主催: 公益社団法人 日本食品科学工学会
会議名: 日本食品科学工学会第71回大会
回次: 71
開催地: 名城大学
開催日: 2024/08/29 - 2024/08/31
p. 118-
【目的】世界三大珍味の一つとして知られるキャビアはチョウザメの卵を塩漬けにしたもので,熟成による高付加価値化が検討されている.本研究では,環境に優しい冷熱エネルギーとして注目されている「雪室」に着目し,雪室を活用したキャビアの長期熟成の影響について,熟成中の呈味成分,機能性成分および腐敗関連成分の変化を評価し,雪室熟成による高付加価値化の可能性について検討した.
【方法】アクアポニックスで養殖された雌のコチョウザメより卵を採取し,魚卵の3%量の岩塩を加え,キャビアを調製した.調製したキャビアを保存用ガラス容器に入れ,冷蔵(5.2±1.6℃)または雪室(0.7±0.1℃)にて保管し,0(対照区),30,60,90及び180日間の熟成を行った.熟成後のキャビアについて,揮発性塩基窒素,遊離のタンパク質構成・非構成アミノ酸およびイミダゾールジペプチドの含有量を測定した.

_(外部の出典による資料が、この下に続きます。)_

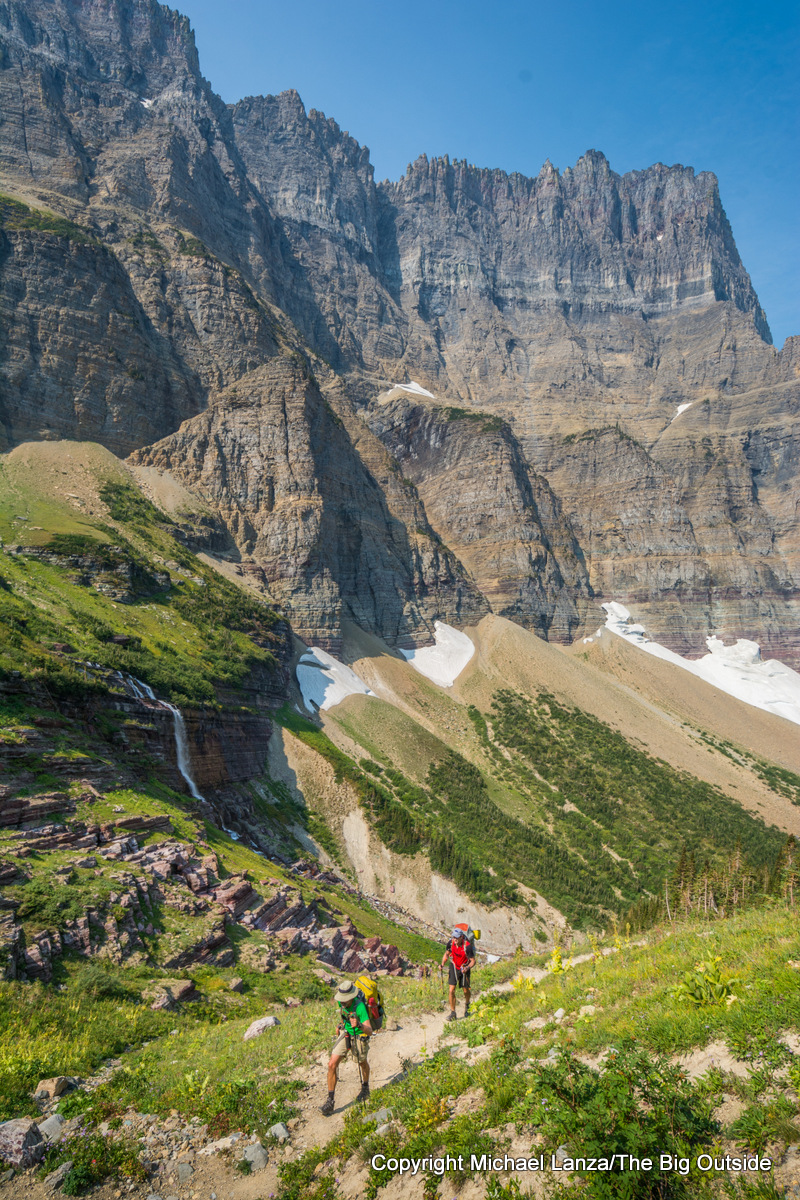 Backpackers hiking the Continental Divide Trail in Glacier National Park.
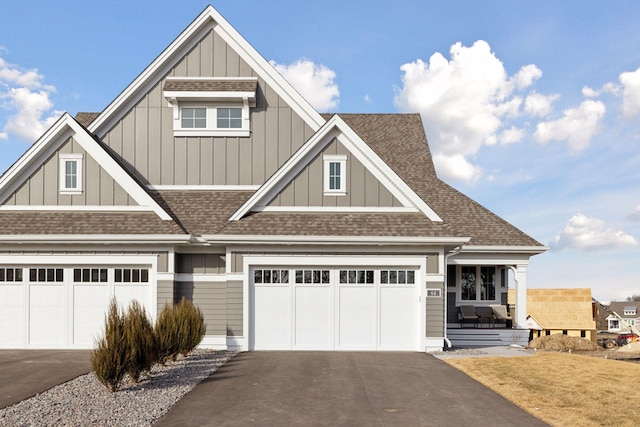 craftsman inspired home with aphalt driveway, board and batten siding, a garage, and roof with shingles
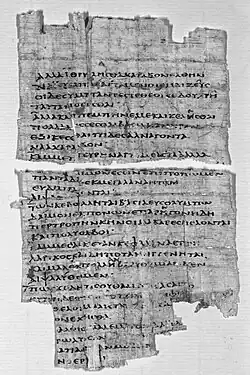 Black and white photograph of a fragment of papyrus with Greek text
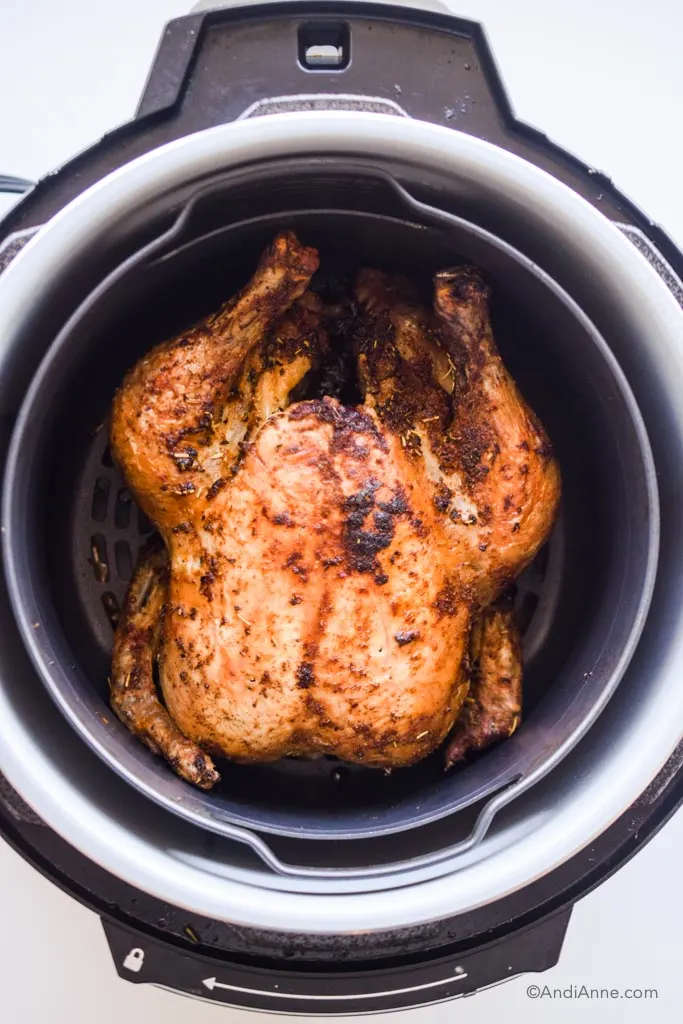 fully cooked chicken inside an air fryer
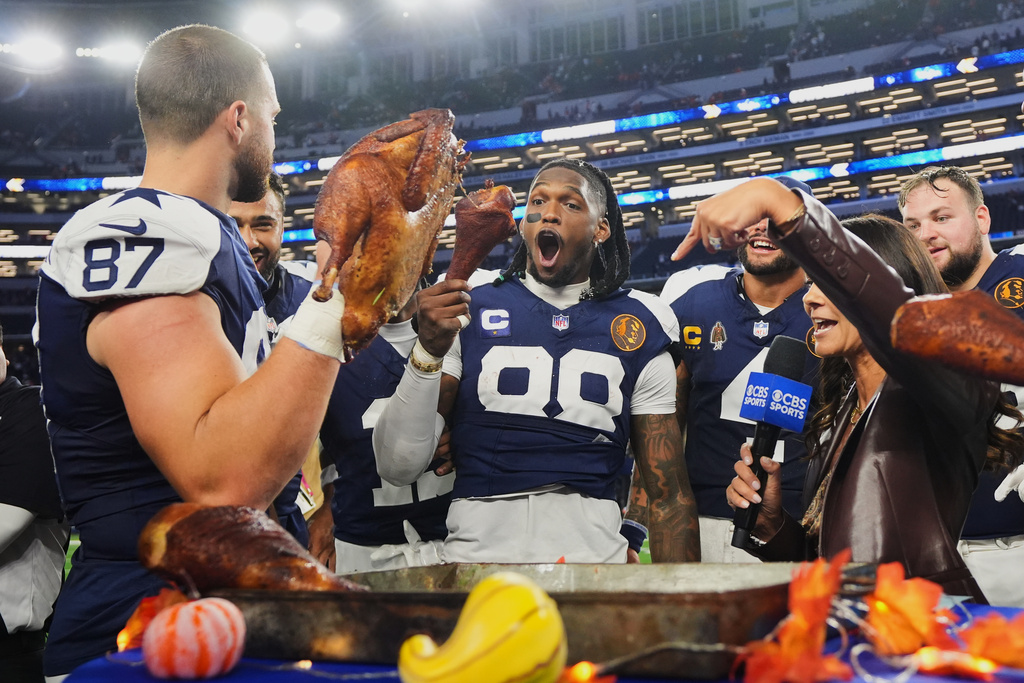 Dallas Cowboys wide receiver CeeDee Lamb (88) and tight end Jake Ferguson (87) celebrate following an NFL football game against the Kansas City Chiefs Thursday, Nov. 27, 2025, in Arlington, Texas. (AP Photo/LM Otero)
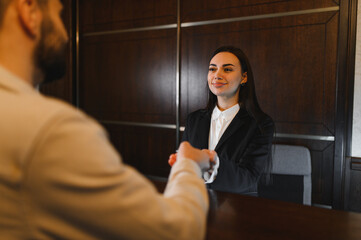 Hotel receptionist welcoming guest at front desk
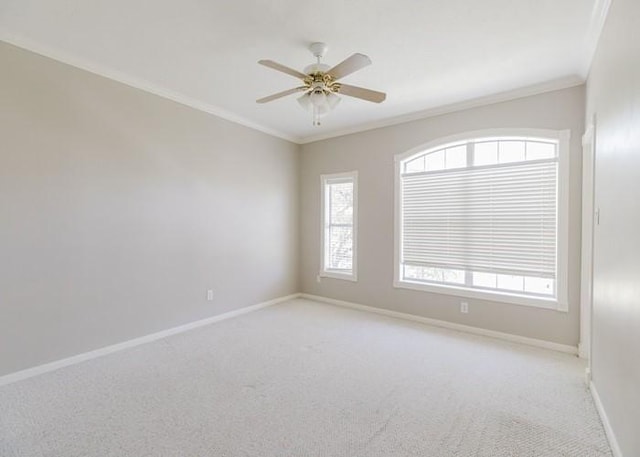 4135 Bellefontaine, Houston, TX 77025 - empty room with ornamental molding, light colored carpet, baseboards, and a ceiling fan
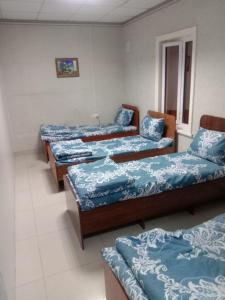 Ένα ή περισσότερα κρεβάτια σε δωμάτιο στο Alo Mutal hostel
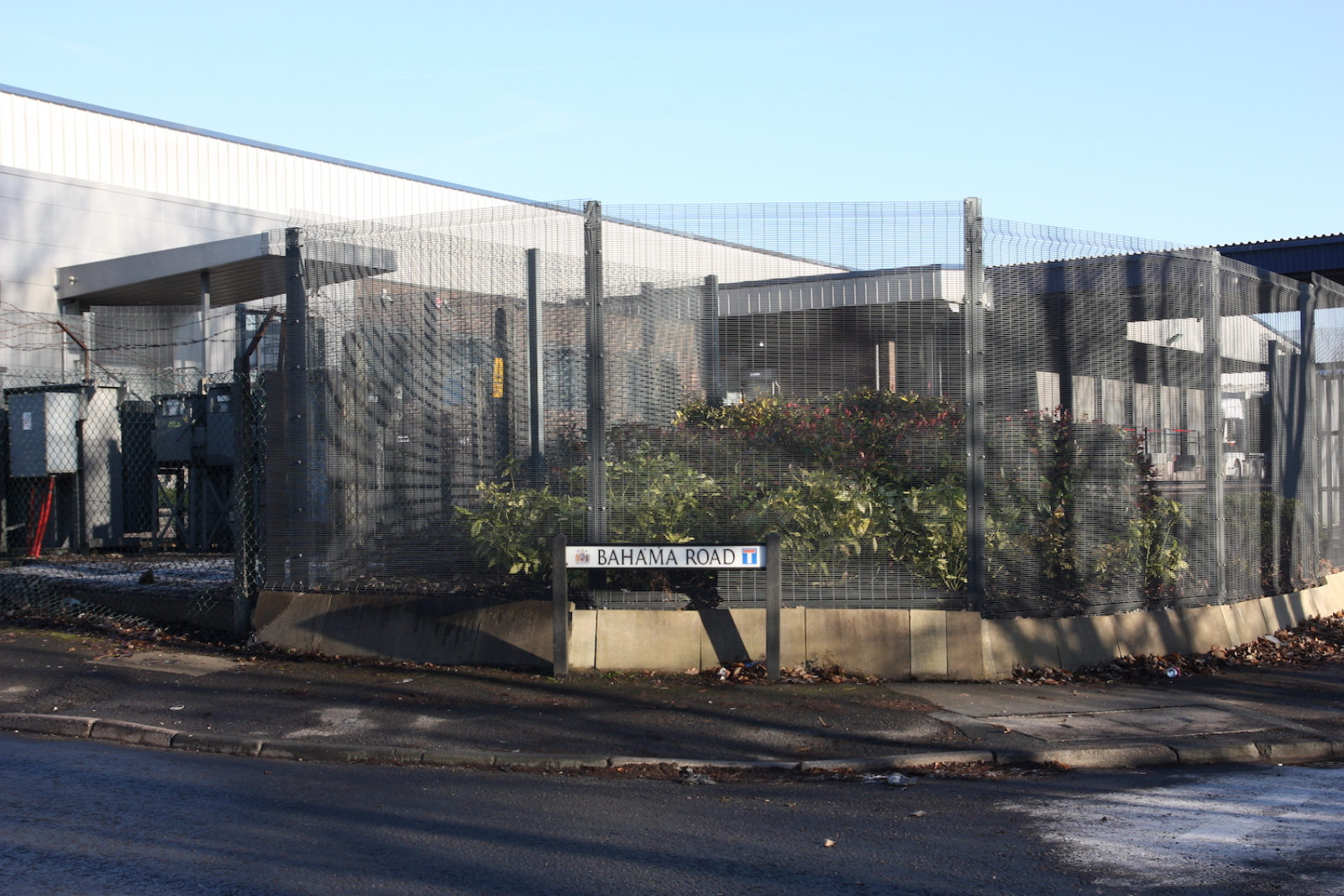 Bahama Road sign is in front of a tall wire fence in front of an industrial estate.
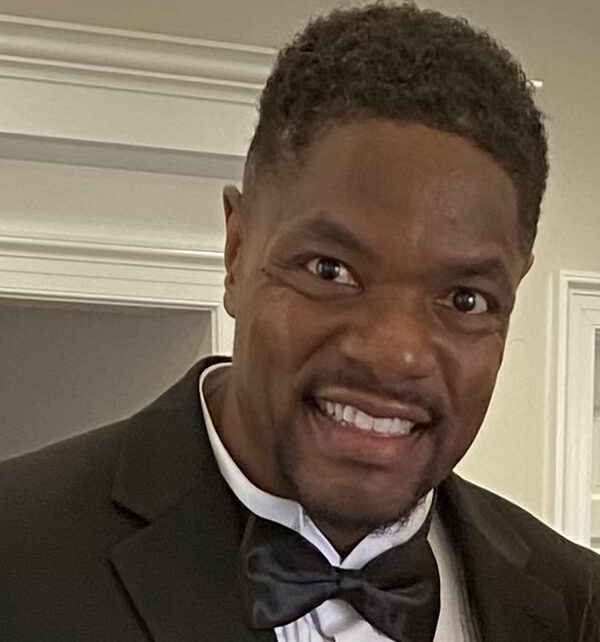 Headshot photo of Shawn Davis, smiling, standing in front of a doorway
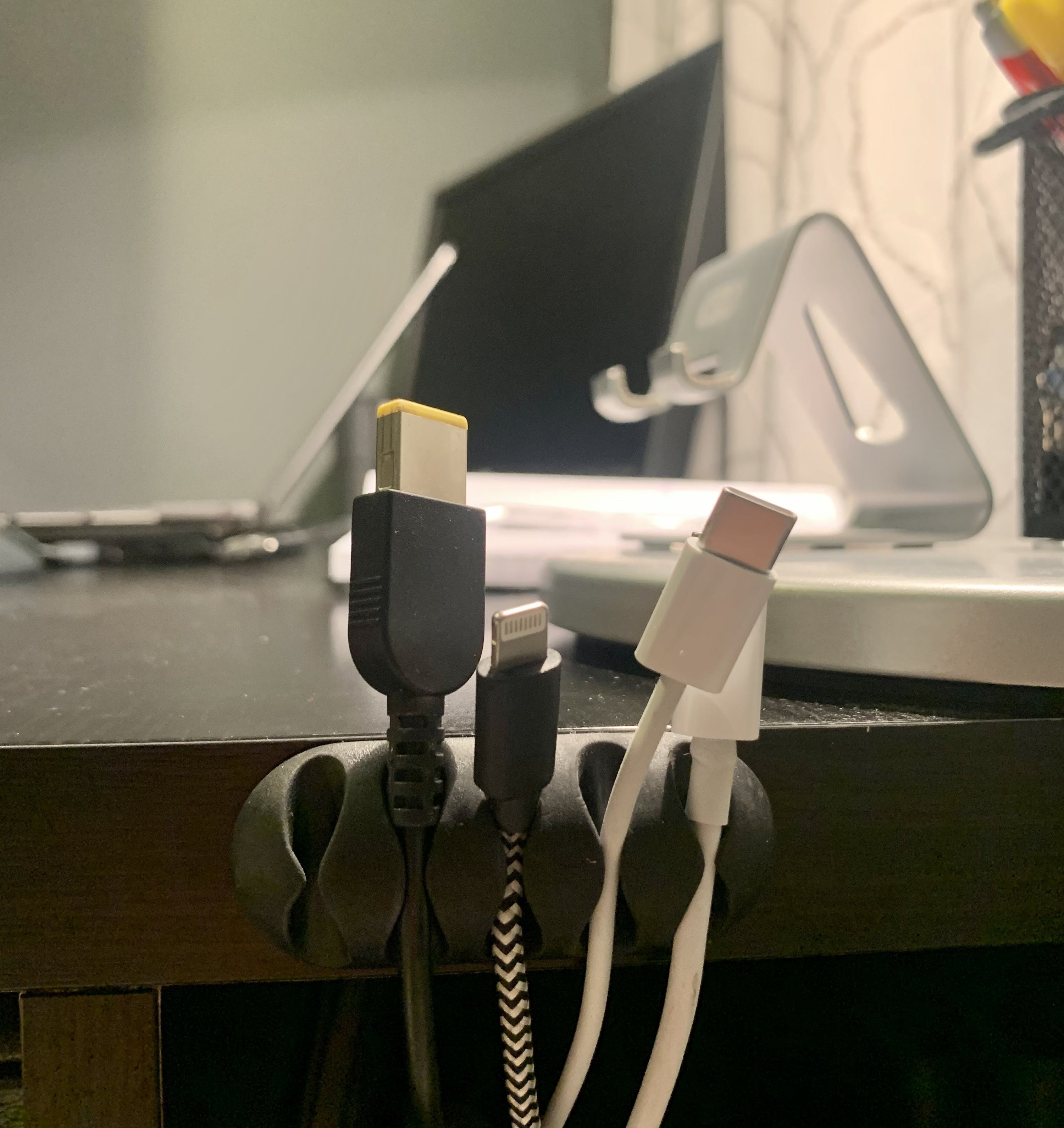 The cord clip is attached to May&#x27;s desk and keeps her cords organized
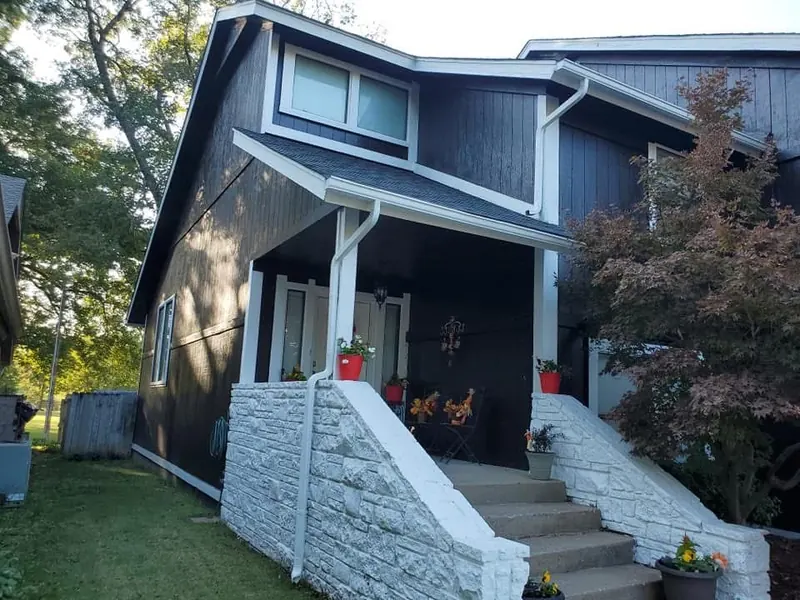 Home exterior with dark siding and white trim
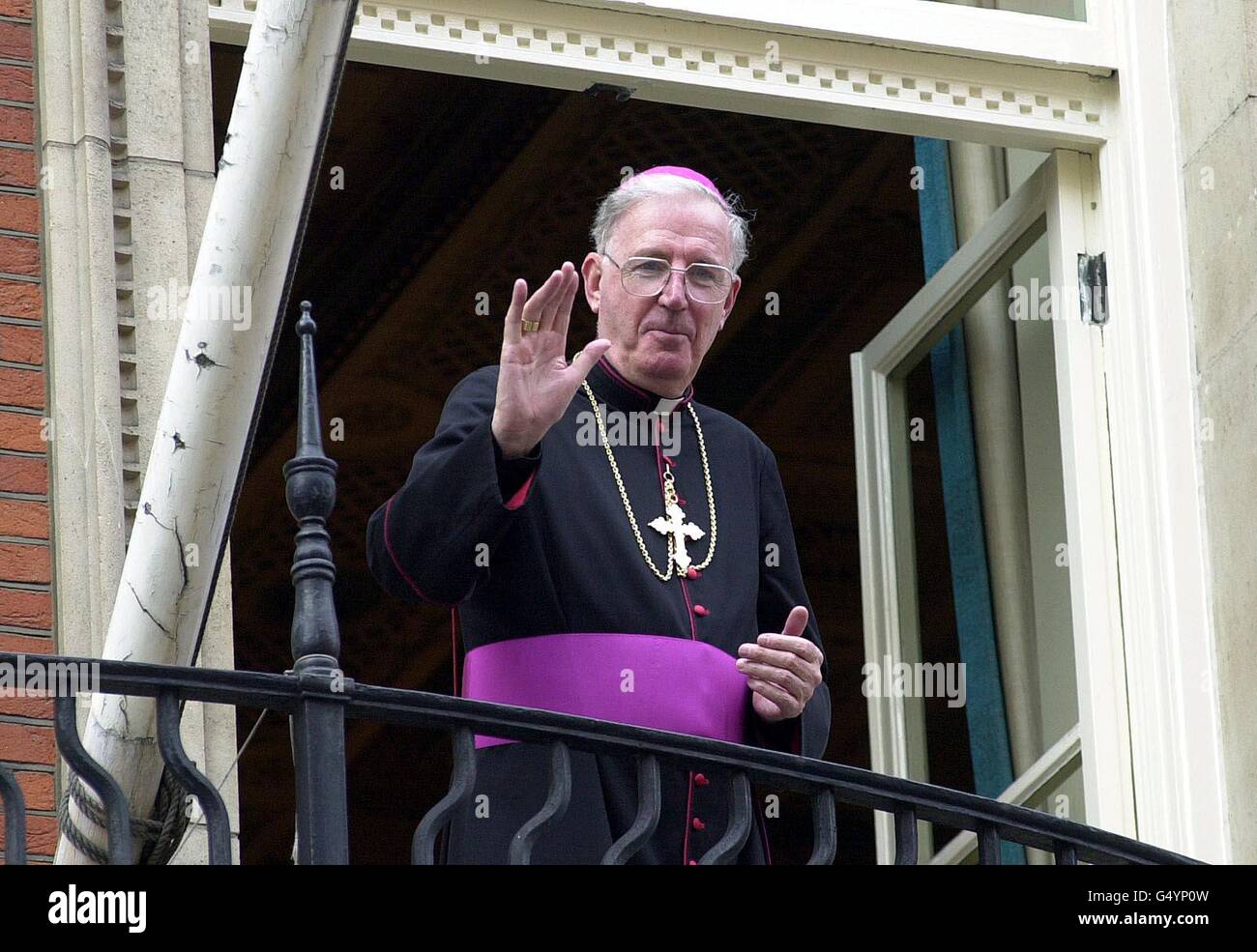 The new Archbishop of Westminster, the Most Rev Cormac Murphy-O'Connor, waves to well-wishers outside Westminster Cathedral in London, after his Installation Mass as head of the Roman Catholic church in England and Wales. * 14/9/2000: The Archbishop was telling the court wrestling with the fate of Siamese twins that they should both be allowed to die. In a written submission to the Court of Appeal, the leader of Roman Catholics in England and Wales was saying the pair should not be separated if that will lead to the death of one of the sisters. Doctors have told the court that they can save Stock Photo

【結果】鮮度の指標である揮発性塩基窒素を評価した結果,冷蔵条件では熟成90日で初期腐敗の兆候が認められたのに対し,雪室では熟成90日でも新鮮状態を維持しており,熟成180日においても腐敗は認められなかった.冷蔵条件において腐敗が認められなかった60日までに熟成期間を限定し,遊離アミノ酸と機能性成分について評価を行った結果,遊離アミノ酸については同一熟成日数(冷蔵,雪室)での顕著な差異は認められなかったが,熟成期間が進むに従って遊離アミノ酸の増加が認められ,冷蔵,雪室のいずれにおいても呈味性アミノ酸であるグルタミン酸が熟成60日で約3倍に増加した.また,オルニチン,β-アラニンおよびイミダゾールジペプチド(カルノシン,アンセリン)等の機能性を有する成分についても熟成による含有量の増加が認められた.以上のことから,雪室を活用することで,腐敗の進行を抑えつつ,熟成による呈味成分・機能性成分の増加が期待できることが示された.